(Task directions) Please return the data that follows precisely as written, but without the images.

(Given material)

+ + + + + + +

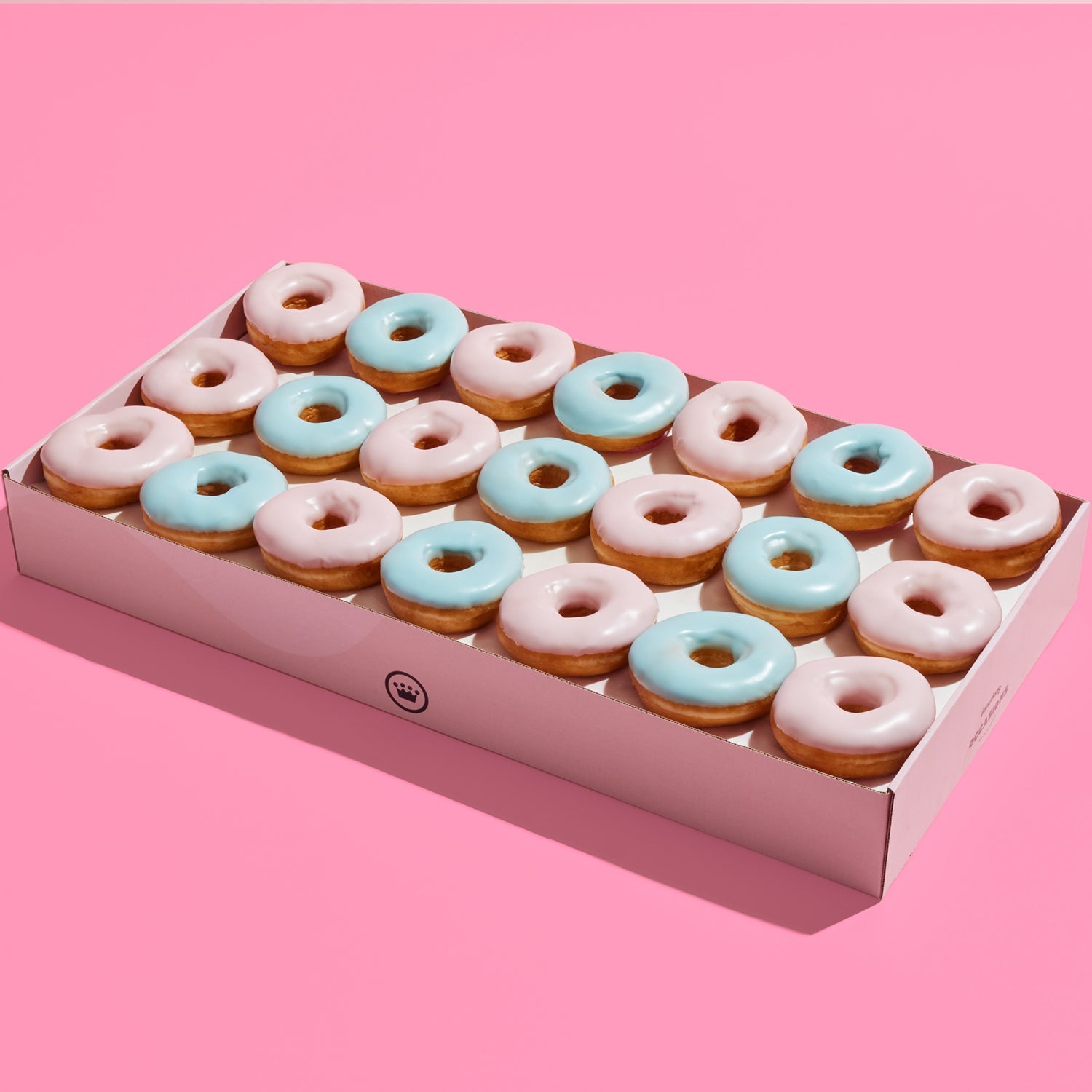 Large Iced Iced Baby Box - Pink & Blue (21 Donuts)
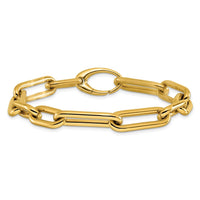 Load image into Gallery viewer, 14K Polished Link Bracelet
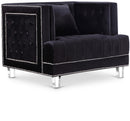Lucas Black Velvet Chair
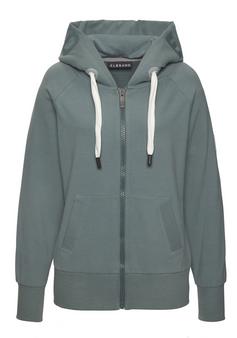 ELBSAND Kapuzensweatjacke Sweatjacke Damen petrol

+ + + + + + +

(Answer to the exercise)
 Large Iced Iced Baby Box - Pink & Blue (21 Donuts)
 Load image into Gallery viewer, 14K Polished Link Bracelet
Lucas Black Velvet Chair
 ELBSAND Kapuzensweatjacke Sweatjacke Damen petrol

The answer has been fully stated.